_AIM OF THE TASK:_
Everything from the line with "Image result for gnome logo" to the final line of the entries, both included, should be restated word for word; please omit the pictures.

_DATA RECORDS:_

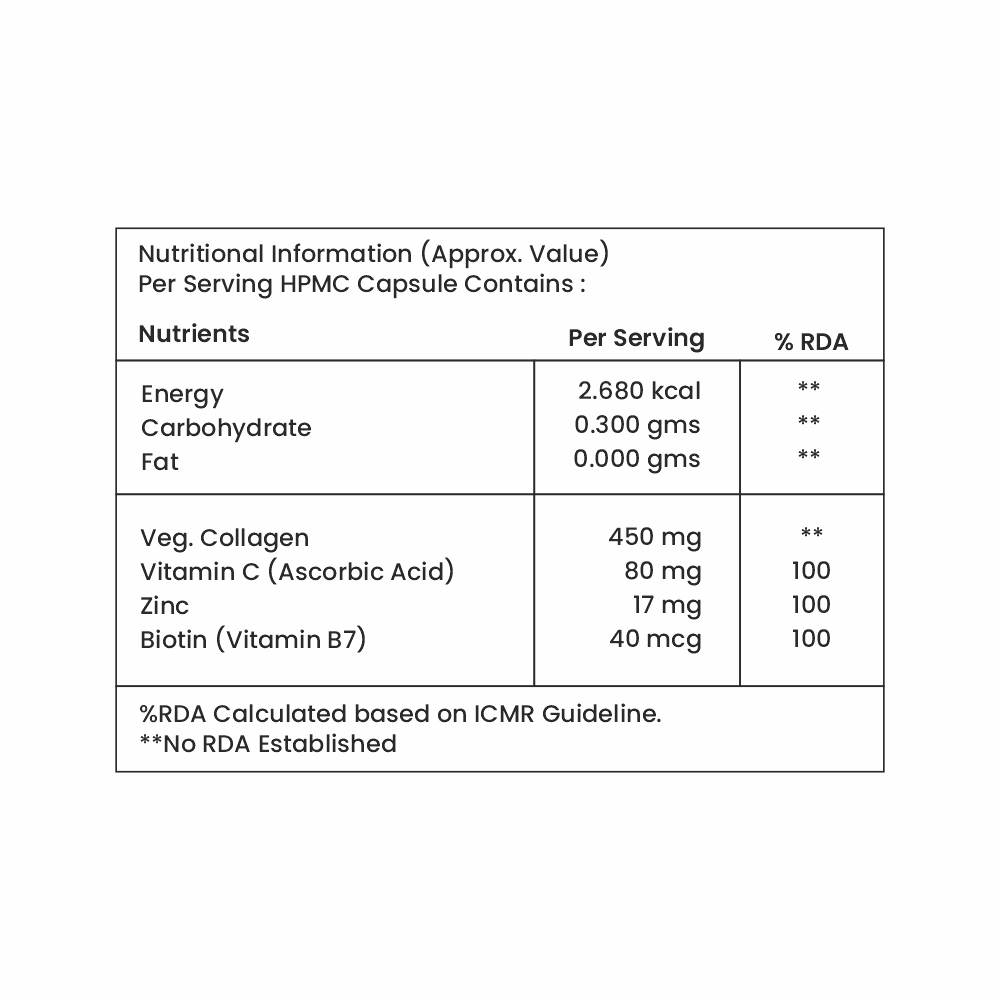 Electrify Veg. Collagen Tablet Details 1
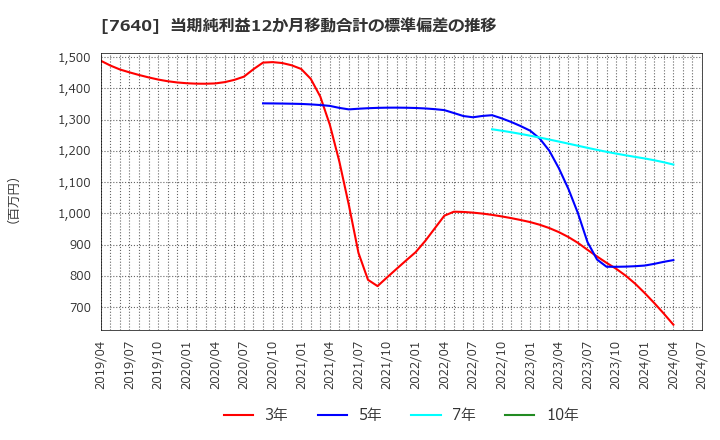 7640 (株)トップカルチャー: 当期純利益12か月移動合計の標準偏差の推移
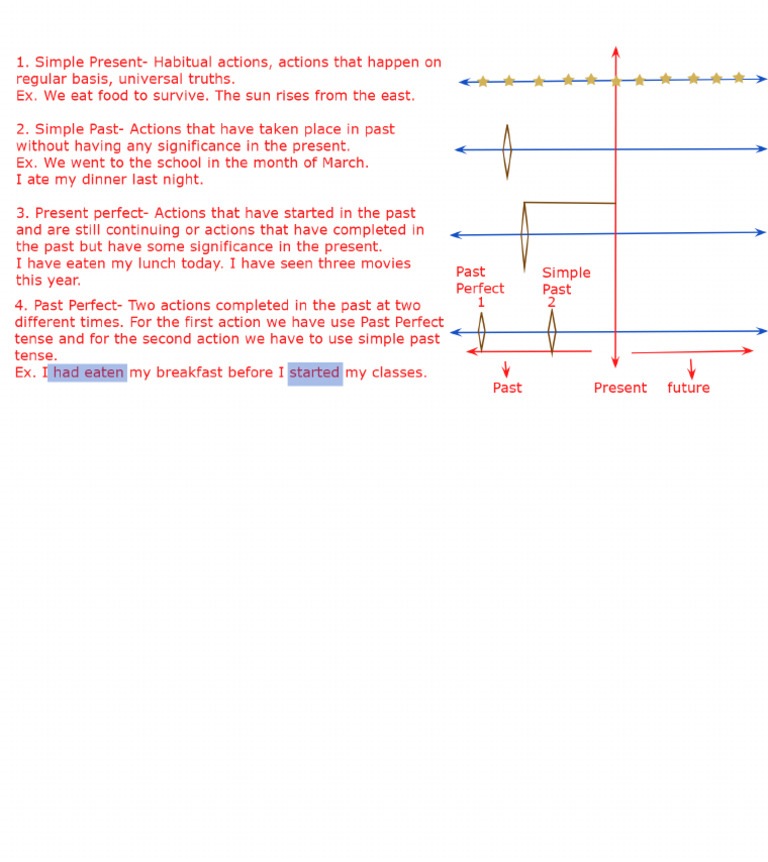 Tenses 4 Tenses | PDF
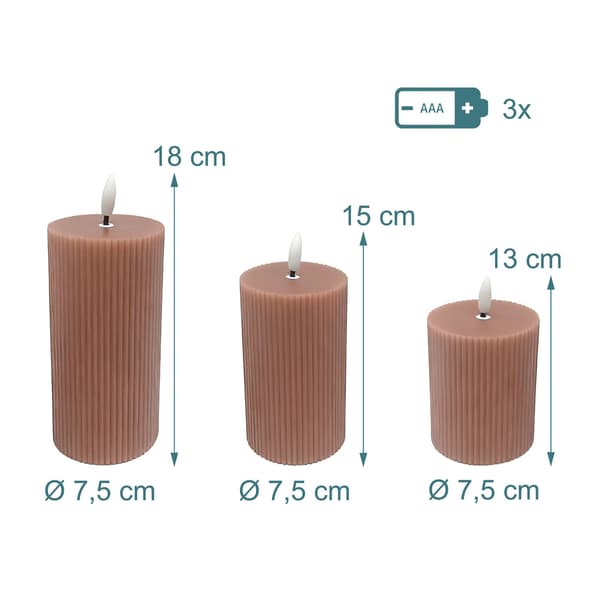 LED-kynttiläsarja, 3 kappaletta, vaaleanpunainen, vahaa, Kodustaar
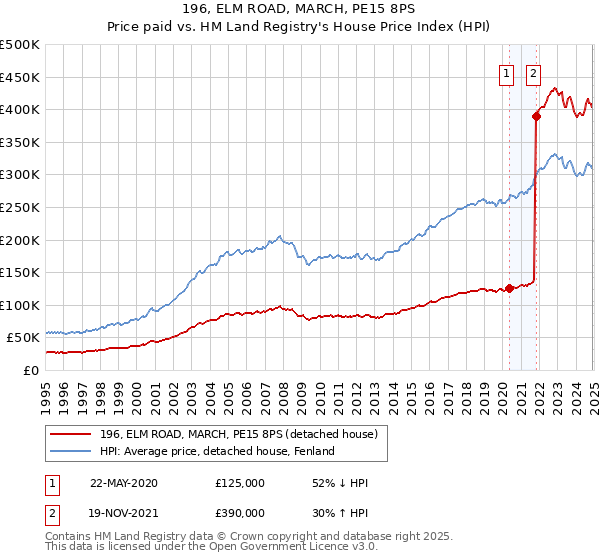 196, ELM ROAD, MARCH, PE15 8PS: Price paid vs HM Land Registry's House Price Index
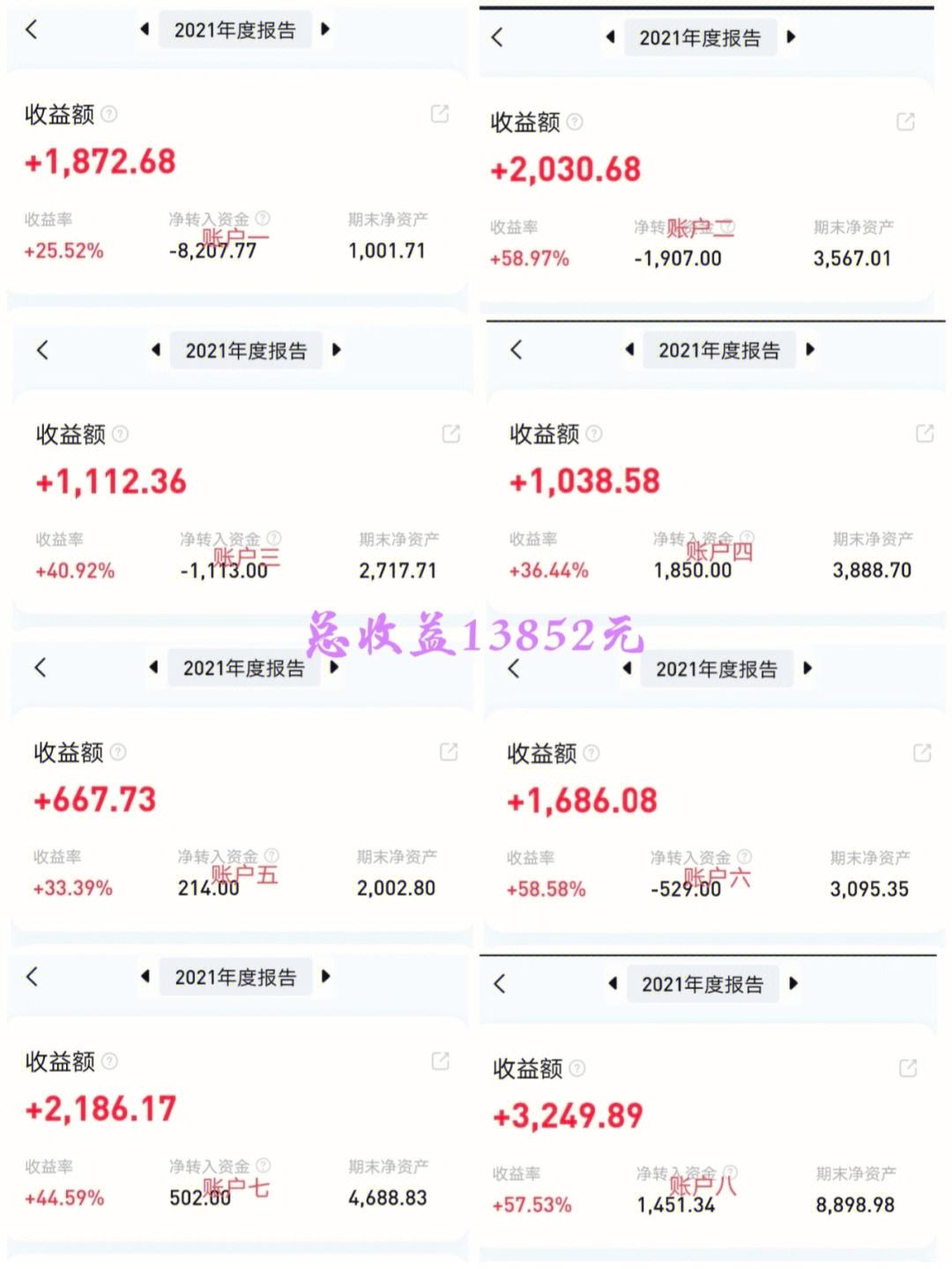 一万怎么理财(100万怎么理财)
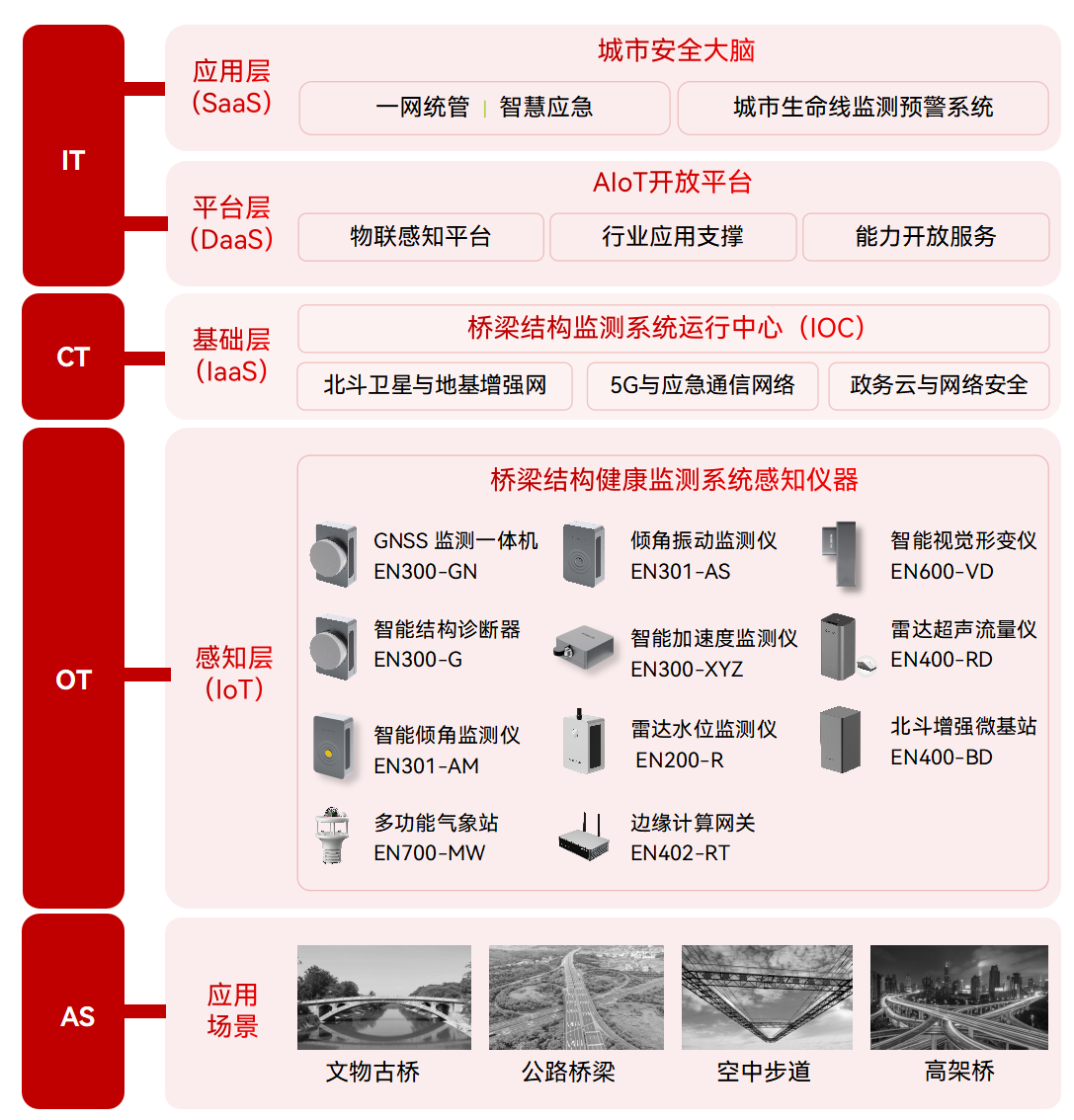冬季低温对桥梁有什么危害,如何对桥梁开展全面“体检” 冬季低温对桥梁有什么危害,如何对桥梁开展全面“体检”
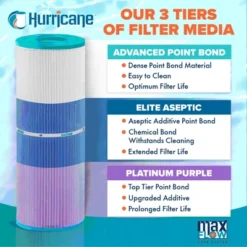 Hurricane Filters HF6H352-01 Advanced Spa Filter Cartridge - Replacement For Unicel 6CH-352, Pleatco PAS40-F2M, Filbur FC-0312, Artesian Spas -Liceria & Co. GUEST 9fdd817c 19e1 46ea b547 ac507235f516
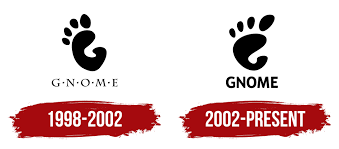 Image result for gnome logo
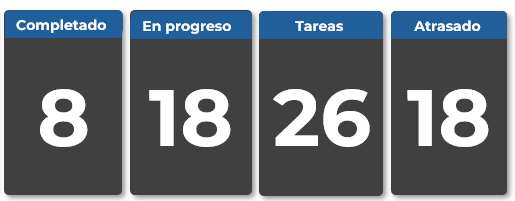 los cuatro indicadores numéricos en el dashboard mostrando 8, 18, 26 y 18 con fuente blanca grande sobre tarjetas azules
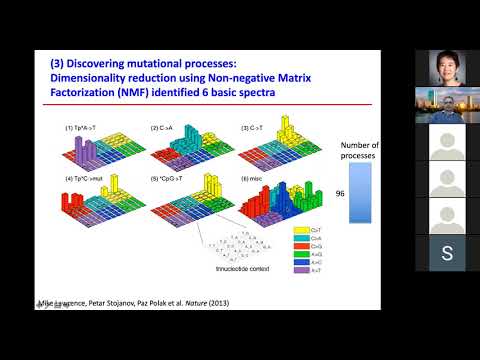 STAT115 Chapter 23.3 Cancer Mutation Patterns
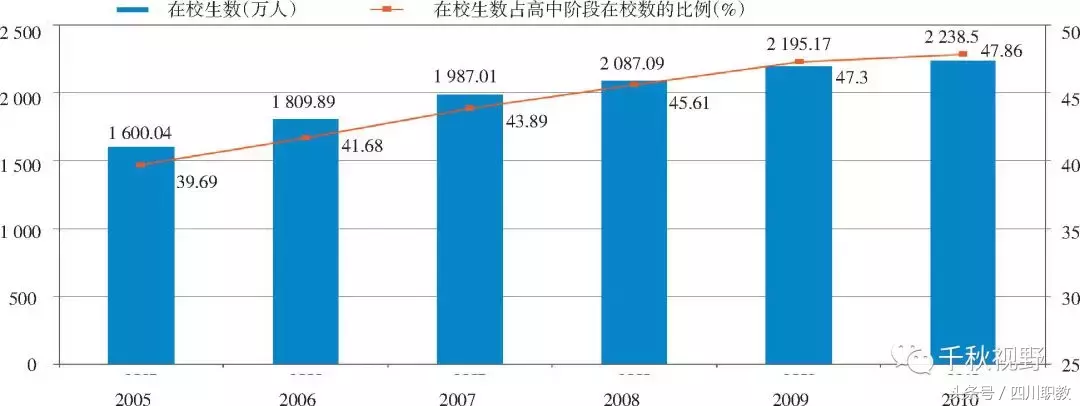 我国中等职业教育3个非同寻常的阶段，许多人曾经历过的中职辉煌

_OUTPUT FOR THIS EXERCISE:_
 Image result for gnome logo
 los cuatro indicadores numéricos en el dashboard mostrando 8, 18, 26 y 18 con fuente blanca grande sobre tarjetas azules
 STAT115 Chapter 23.3 Cancer Mutation Patterns
 我国中等职业教育3个非同寻常的阶段，许多人曾经历过的中职辉煌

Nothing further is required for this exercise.